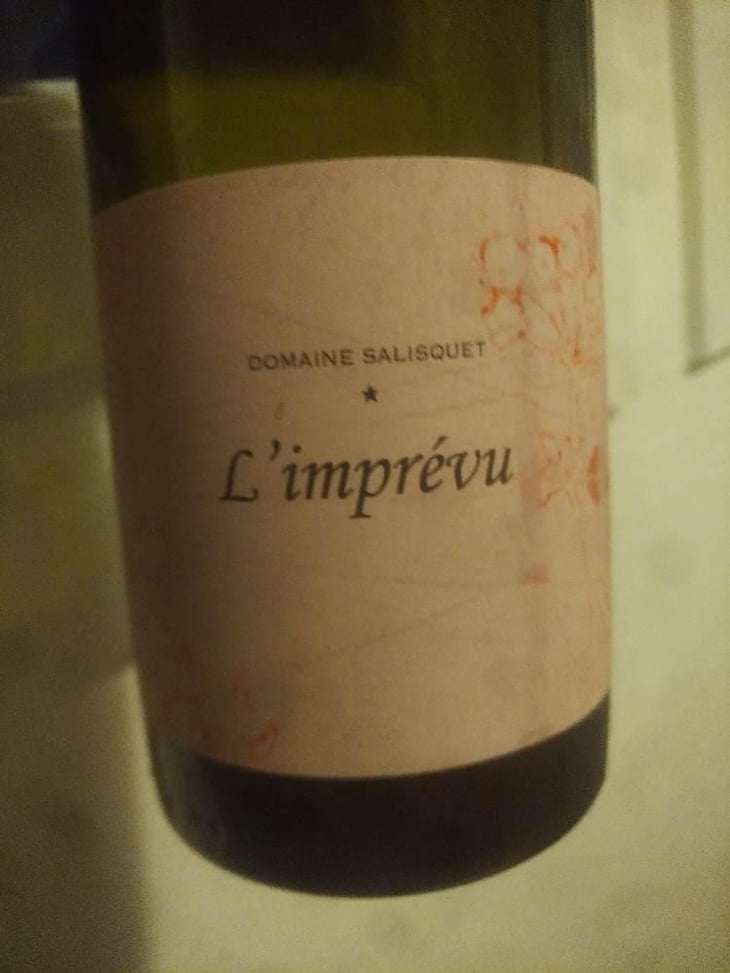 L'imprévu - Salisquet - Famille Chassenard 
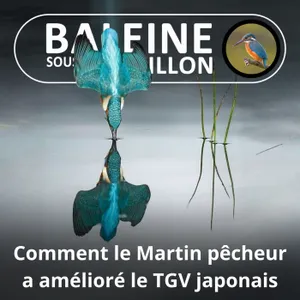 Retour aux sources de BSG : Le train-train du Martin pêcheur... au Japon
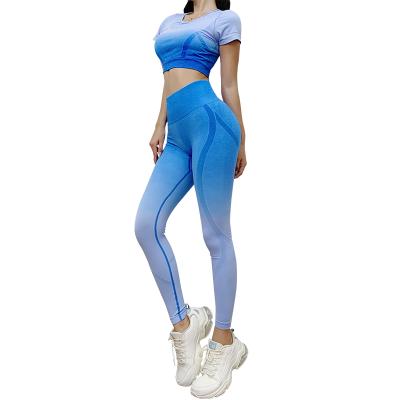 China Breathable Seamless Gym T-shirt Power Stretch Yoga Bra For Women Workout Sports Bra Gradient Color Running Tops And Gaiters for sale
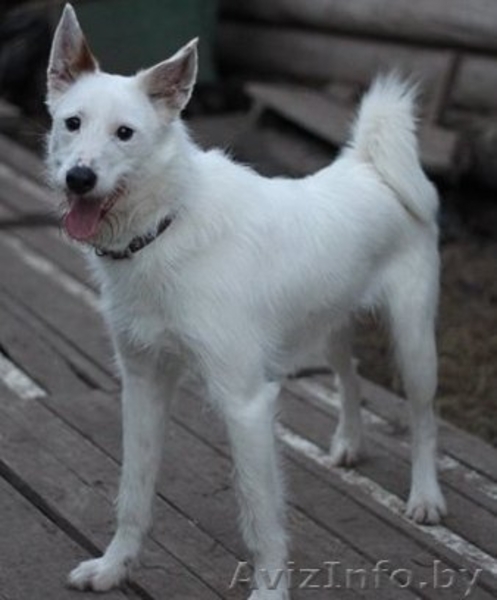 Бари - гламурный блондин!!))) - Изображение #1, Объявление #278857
* * *
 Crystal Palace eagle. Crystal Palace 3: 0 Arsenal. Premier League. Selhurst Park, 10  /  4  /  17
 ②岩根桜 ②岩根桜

» **WHAT THE TASK REQUIRES**: Find where the line with "L'imprévu - Salisquet - Famille Chassenard" sits in the material above and where the line with "Бари - гламурный" sits. Set down exactly the lines from the first to the second, both included and nothing else, without pictures.

» **EXERCISE ANSWER**:
 L'imprévu - Salisquet - Famille Chassenard 
 Retour aux sources de BSG : Le train-train du Martin pêcheur... au Japon
 China Breathable Seamless Gym T-shirt Power Stretch Yoga Bra For Women Workout Sports Bra Gradient Color Running Tops And Gaiters for sale
 Бари - гламурный блондин!!))) - Изображение #1, Объявление #278857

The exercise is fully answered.